Tuesday, January 26, 2021

The Reluctant Fundamentalist - Mohsin Hamid

 Fiction

Read it


I'm not exactly sure why this was an international bestseller. It has a very American flavor of obsession with terrorists. But I suppose that is just a matter of style.  

The story opens with a Pakistani man sharing a meal with a very obviously white person. He shares his background and establishes a relationship, all the while reassuring his dining companion that he's paranoid that that no one is dangerous. Living in this part of the world, it's amusing to me that the author chose Pakistan as the home of his main character. I'm guessing it's because the author is Pakistani.  I view Lahore as a normal city, the same as any other. Of course there may be problems with terrorism, just like anywhere else. Ahem. Moving on.
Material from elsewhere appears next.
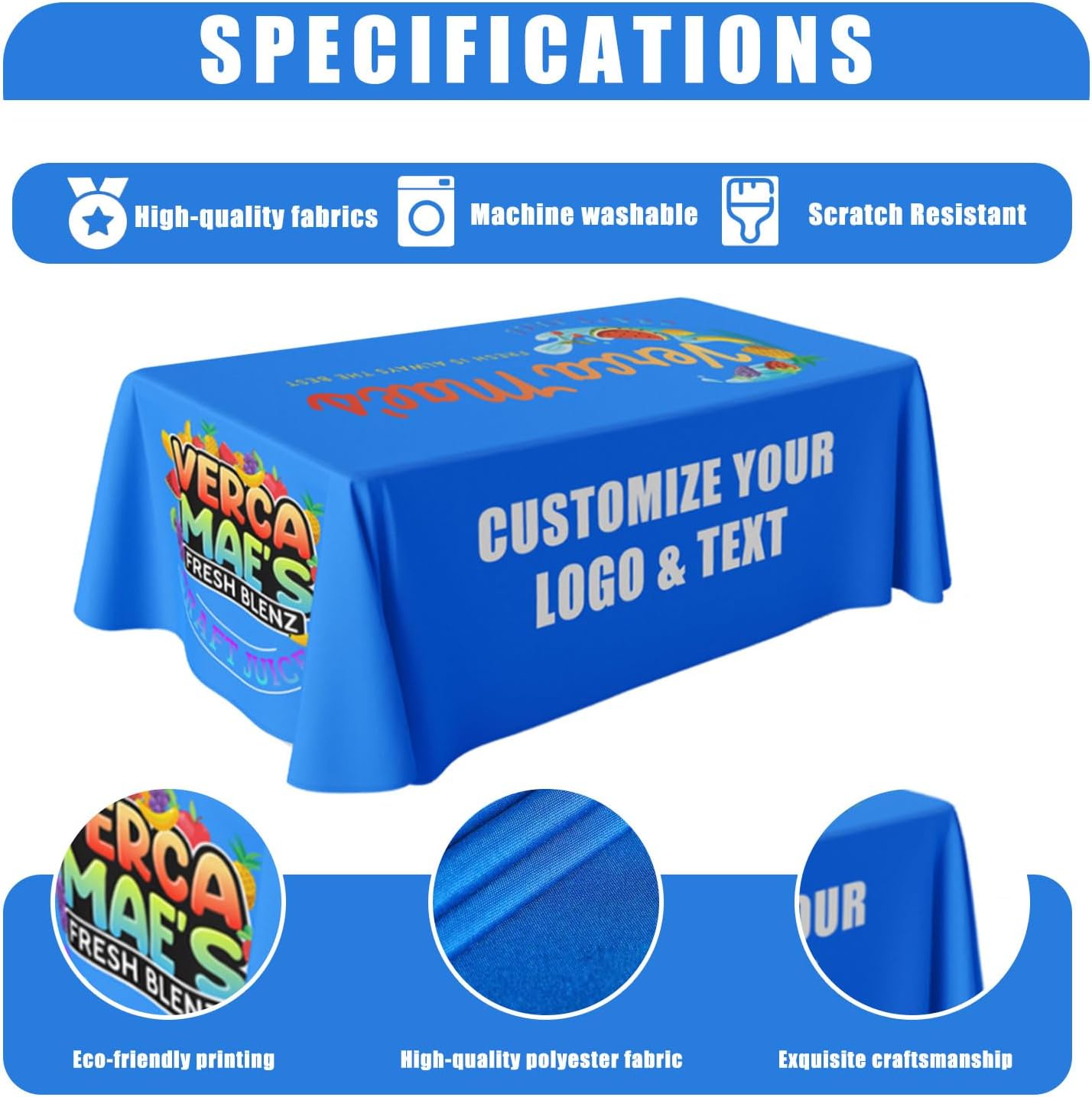 Custom Table Cloth with Business Logo Text Personalized Table Runner for Events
The author takes us through his life and his relationship struggles, none of which made it clear to me why that should result in terrorism. At the end, you never really get answers. He implies that people are chasing them and that it's nothing to worry about. So many questions, no answers. Are we simply supposed to connect the dots? This doesn't seem to look good for the author. Especially when I suspect his motivation for writing this wasn't to encourage people to see terrorism behind every corner. 

This book left me puzzled on many accounts. It's a good time pass, it helps the audience relate the main character. Aside from that, I'm not sure how it relates to fundamentalism, terrorism, or what conclusions the author is asking the audience to draw. 


Read it for a good time pass, but don't encourage the fetishism of terrorism that the west embraces.